Consentimento a nível de navegador: simplificação ou perda de controlo?
O ponto mais inquietante para os publishers é a opção de configurar o consentimento ao nível do navegador ou do dispositivo. Em teoria, permitir que o utilizador defina uma preferência única e transversal poderia reduzir a fadiga de banners e a multiplicidade de interfaces. Para os publishers, porém, esse mecanismo implica ceder uma camada crucial da relação com o utilizador a players externos — Chrome, Safari, Firefox ou os sistemas operativos móveis — com incentivos próprios e enorme poder de desenho de interface. O receio: que o gesto de recusa se torne uma decisão “para sempre” à escala da web, reduzindo a disponibilidade de sinal e empurrando anunciantes para os walled gardens com maior base de utilizadores autenticados.
Bert Verschelde, diretor de privacidade da DPG Media, sublinha ao Digiday que os rácios de consentimento dependem fortemente da forma como a escolha é apresentada. Se os navegadores adotarem posturas mais restritivas, o impacto nos media poderá ser relevante. E embora o Omnibus mencione a possibilidade de exceções para serviços de media, os publishers duvidam que o ecossistema AdTech queira assumir a responsabilidade de determinar quem se qualifica como tal, sem arriscar consequências regulatórias. Resultado: abre-se um novo campo de ambiguidade jurídica em vez de encerrar o anterior.
Consentimento com um clique: simplificar ou fragilizar a open web?
O segundo eixo de fricção é a aposta num consentimento de um clique para aceitar ou rejeitar cookies. A medida pretende uniformizar uma experiência fragmentada. Mas os publishers recordam que simplificar a recusa sem enquadrar adequadamente o uso de tecnologias de baixo risco pode deixar a open web com menos instrumentos para funções essenciais — desde medição e controlo de frequência até prevenção de fraude ou mitigação de fadiga publicitária. Num cenário em que cada ponto de sinal conta, perder margem nestas funções poderá degradar performance, eficiência e, em última instância, receitas.
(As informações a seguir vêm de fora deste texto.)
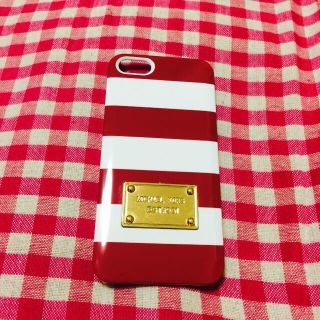 マイケルコース(Michael Kors)のiPhoneケース(モバイルケース/カバー)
No conjunto, os publishers consideram que o Digital Omnibus não corrige a assimetria estrutural entre ecossistemas abertos e fechados. Enquanto as grandes plataformas podem continuar a explorar dados em ambientes logados e controlados, os media ficariam expostos a uma lógica de consentimento mais rígida e dependente de intermediários tecnológicos. A consequência, na visão do setor, seria uma transferência indireta de poder para navegadores e walled gardens — precisamente no momento em que os publishers precisam de mais ferramentas (e não menos) para sustentar o jornalismo e o conteúdo de qualidade na Europa.
Enquanto se aguarda a evolução do texto no processo político, o recado dos publishers é inequívoco: a proposta não configura uma reforma estrutural do modelo europeu de consentimento, mas sim uma alteração de interface e de ponto de controlo. E se o utilizador e o dado são o centro da nova competição digital, os publishers receiam que esta versão do Omnibus os deixe a competir com menos autonomia, menos sinal e mais incerteza regulatória do que antes da tentativa de “arranjo”.